NVIDIA / NeMo

A scalable generative AI framework built for researchers and developers working on Large Language Models, Multimodal, and Speech AI (Automatic Speech Recognition and Text-to-Speech)
https://docs.nvidia.com/nemo-framework/user-guide/latest/overview.html
Apache License 2.0
11.84k stars 2.46k forks source link

Prediction ERROR #659

Closed 943274923 closed 3 years ago

943274923 commented 4 years ago

I train a quartznet model in librispeech ,but Prediction ERROR ,what should I do?

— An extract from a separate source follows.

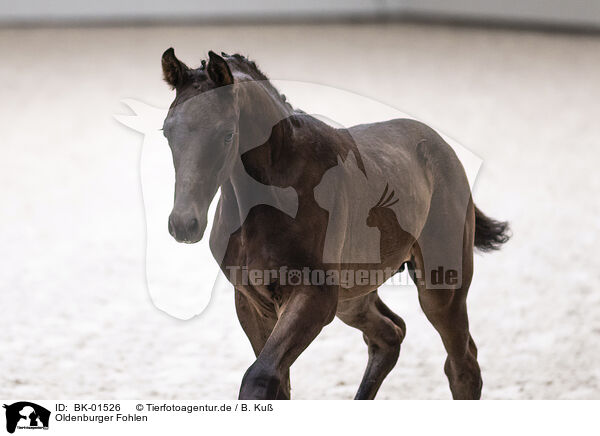 Oldenburger Fohlen / Oldenburg Horse foal / BK-01526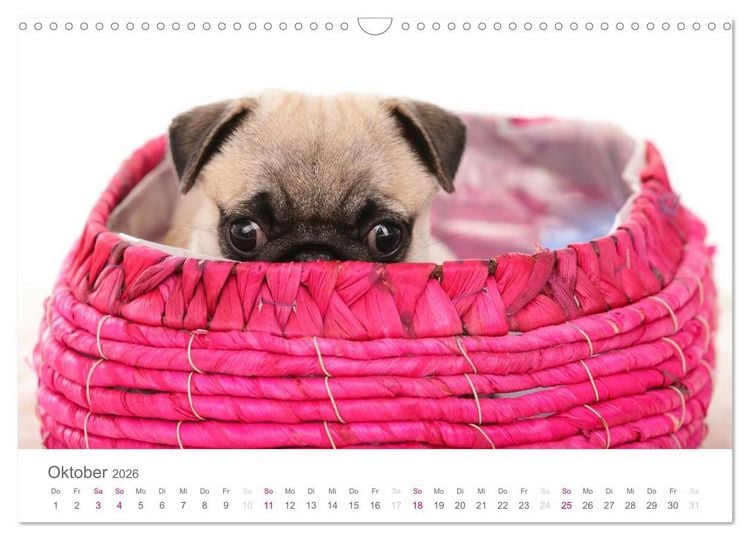 Produktbild: Mopswelpe Emma (Wandkalender 2026 DIN A3 quer), CALVENDO Monatskalender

I use command: python -m torch.distributed.launch --nproc_per_node=4 /data/NeMo/examples/asr/quartznet.py --batch_size=10 --num_epochs=400 --lr=0.015 --warmup_steps=8000 --weight_decay=0.001 --train_dataset=data/train_all.json --eval_datasets data/dev_clean.json data/dev_other.json --model_config=/data/NeMo/examples/asr/configs/quartznet15x5.yaml --exp_name=librispeech train log is:

[NeMo I 2020-05-22 04:54:23 helpers:72] Loss: 464.1666564941406
[NeMo I 2020-05-22 04:54:23 helpers:73] training_batch_WER:  110.09%
[NeMo I 2020-05-22 04:54:23 helpers:74] Prediction: a e o e o o e o o e a o e a on e o e a on e o e o o e o on e o e o
[NeMo I 2020-05-22 04:54:23 helpers:75] Reference: i entreat you to gather up your courage i assure you that these wretched people are not unkind misery not unlike that which you yourself have endured has made them what they are no doubt we should have arranged for a better place for you wherein to await your friends
[NeMo I 2020-05-22 04:54:23 callbacks:239] Step time: 0.49793529510498047 seconds
[NeMo I 2020-05-22 04:54:35 callbacks:224] Step: 120250
[NeMo I 2020-05-22 04:54:35 helpers:72] Loss: 508.3443908691406
[NeMo I 2020-05-22 04:54:35 helpers:73] training_batch_WER:  100.85%
[NeMo I 2020-05-22 04:54:35 helpers:74] Prediction: a e a ee a e an e a an e a an e a an e  e a an e e a e a an a  o an e o e a
[NeMo I 2020-05-22 04:54:35 helpers:75] Reference: a village is by much too narrow a sphere for him even an ordinary market town is scarce large enough to afford him constant occupation in the lone houses and very small villages which are scattered about in so desert a country as the highlands of scotland
okuchaiev commented 4 years ago

(0) was your training loss (and WER) increasing initially and then jumped up? (1) what training data do you use? (2) batch size of 10 per GPU looks small to me. Can you increase batch size and decrease learning rate?